**YOUR ASSIGNMENT**
Please copy the data exactly as it stands, minus the images.

**GIVEN DATA**

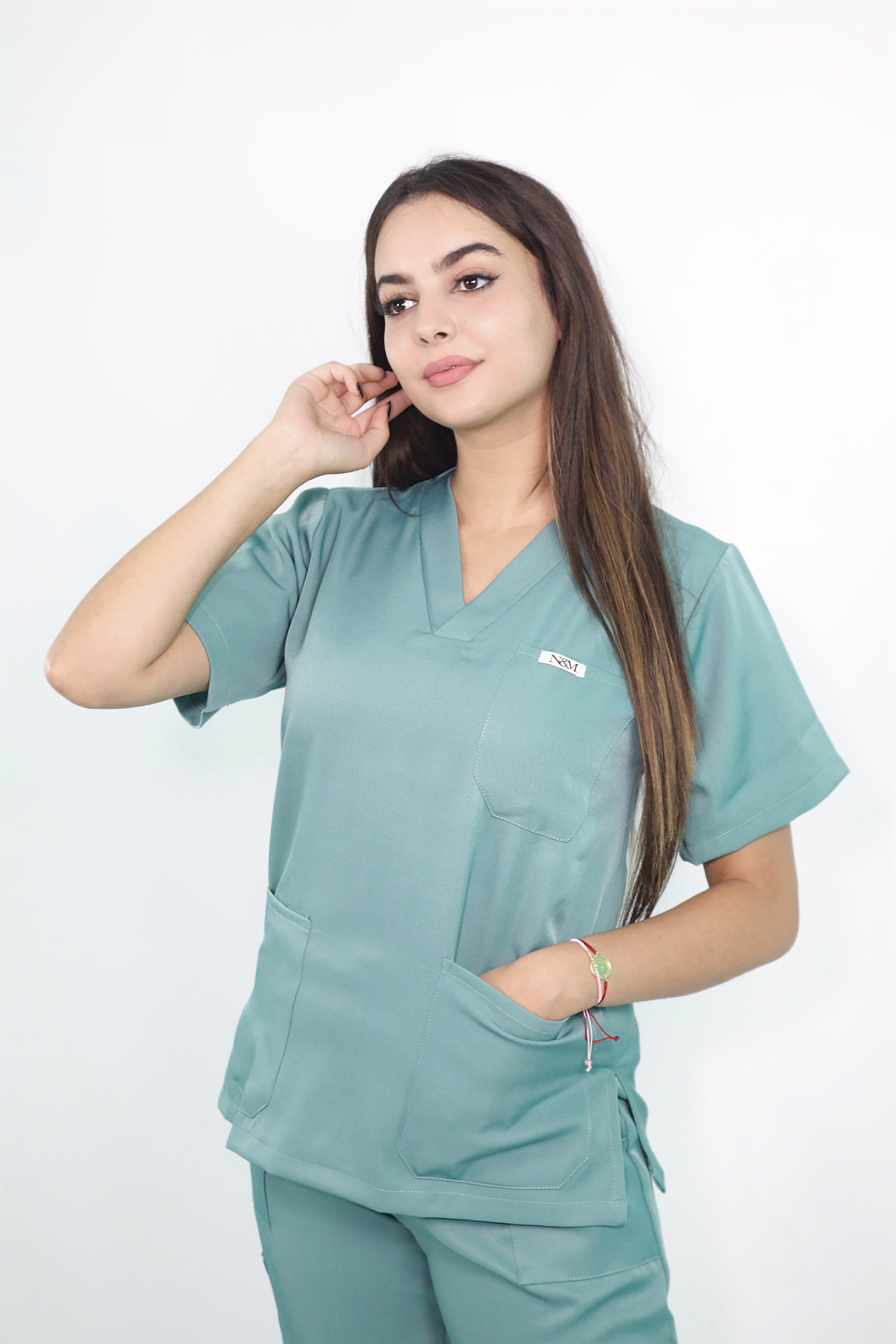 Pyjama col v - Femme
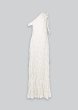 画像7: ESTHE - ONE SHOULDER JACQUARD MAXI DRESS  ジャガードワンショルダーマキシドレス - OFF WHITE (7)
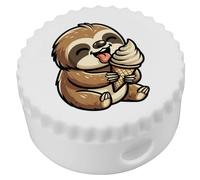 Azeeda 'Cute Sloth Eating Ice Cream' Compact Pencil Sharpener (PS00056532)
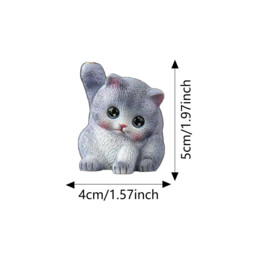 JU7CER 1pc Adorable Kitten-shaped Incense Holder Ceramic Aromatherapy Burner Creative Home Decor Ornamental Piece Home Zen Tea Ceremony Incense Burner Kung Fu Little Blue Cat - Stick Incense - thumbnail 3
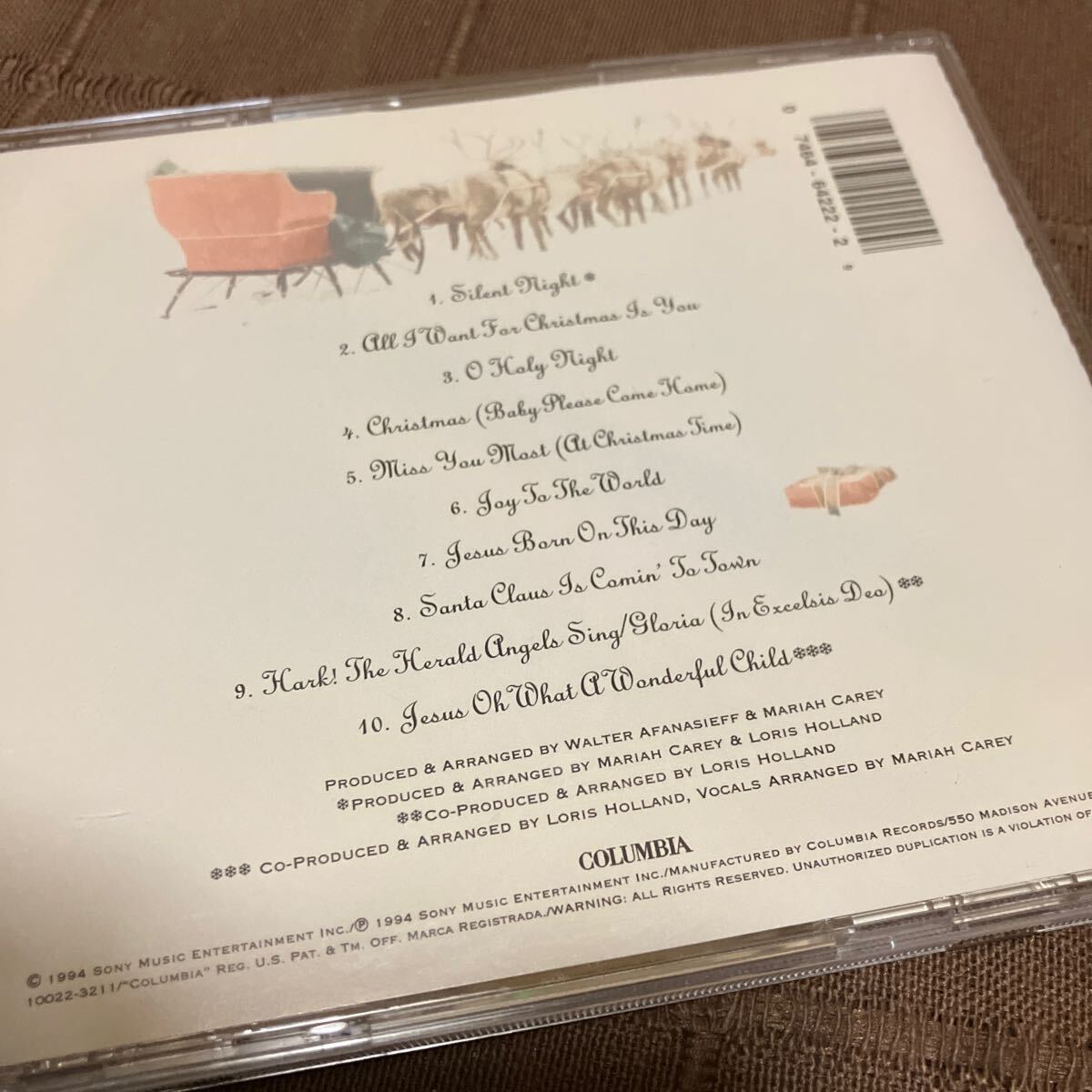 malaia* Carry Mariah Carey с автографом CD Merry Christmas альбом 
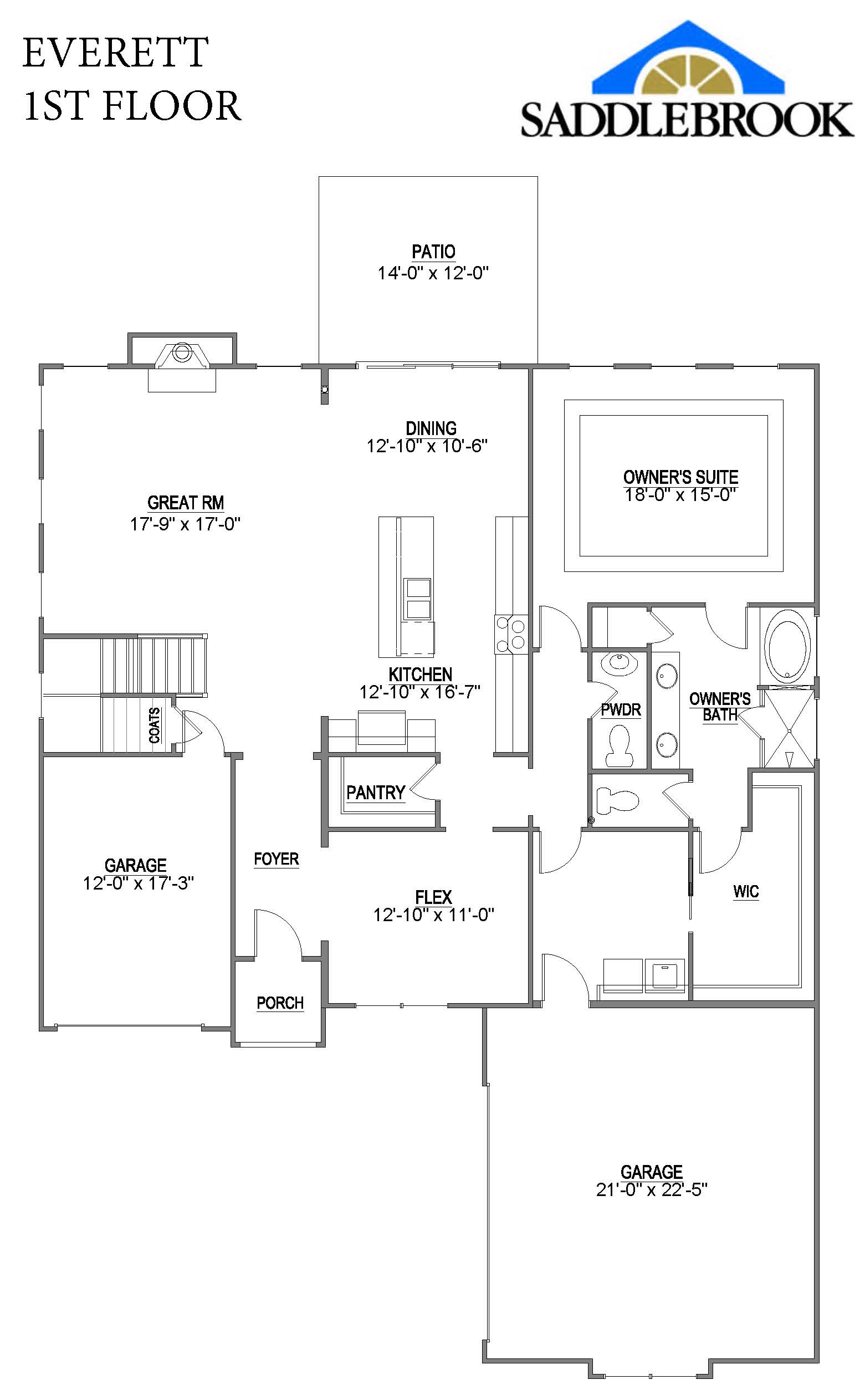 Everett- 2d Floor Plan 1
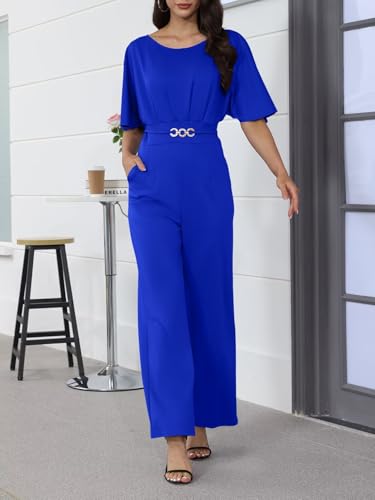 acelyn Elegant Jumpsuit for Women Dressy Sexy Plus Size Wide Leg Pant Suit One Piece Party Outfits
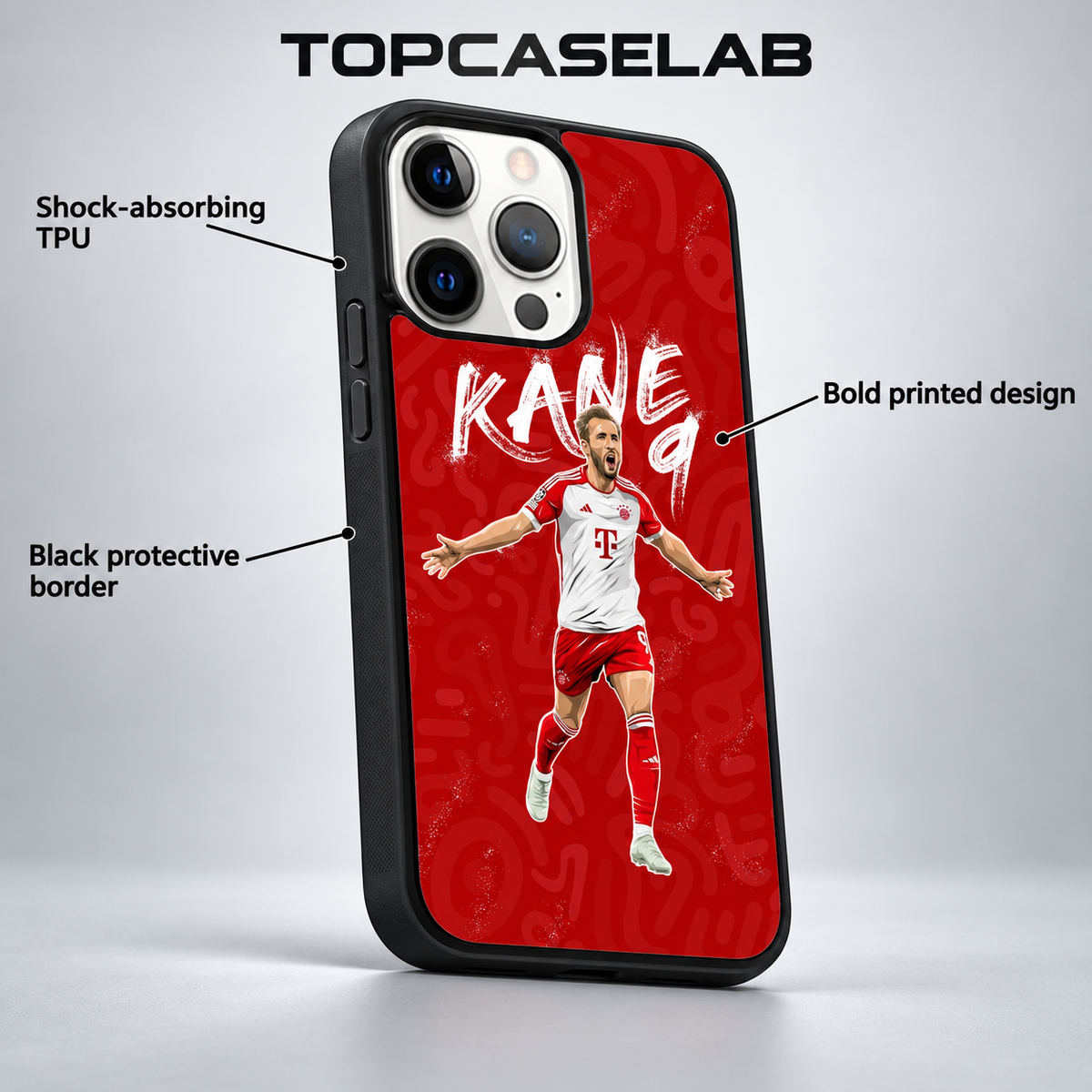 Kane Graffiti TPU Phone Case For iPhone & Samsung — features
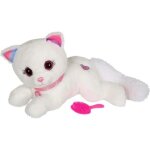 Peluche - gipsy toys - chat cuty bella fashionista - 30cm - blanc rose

**EXERCISE ANSWER**
 Pyjama col v - Femme
 画像7: ESTHE - ONE SHOULDER JACQUARD MAXI DRESS  ジャガードワンショルダーマキシドレス - OFF WHITE (7)
 Azeeda 'Cute Sloth Eating Ice Cream' Compact Pencil Sharpener (PS00056532)
 JU7CER 1pc Adorable Kitten-shaped Incense Holder Ceramic Aromatherapy Burner Creative Home Decor Ornamental Piece Home Zen Tea Ceremony Incense Burner Kung Fu Little Blue Cat - Stick Incense - thumbnail 3
 malaia* Carry Mariah Carey с автографом CD Merry Christmas альбом 
 Everett- 2d Floor Plan 1
 acelyn Elegant Jumpsuit for Women Dressy Sexy Plus Size Wide Leg Pant Suit One Piece Party Outfits
 Kane Graffiti TPU Phone Case For iPhone & Samsung — features
 Peluche - gipsy toys - chat cuty bella fashionista - 30cm - blanc rose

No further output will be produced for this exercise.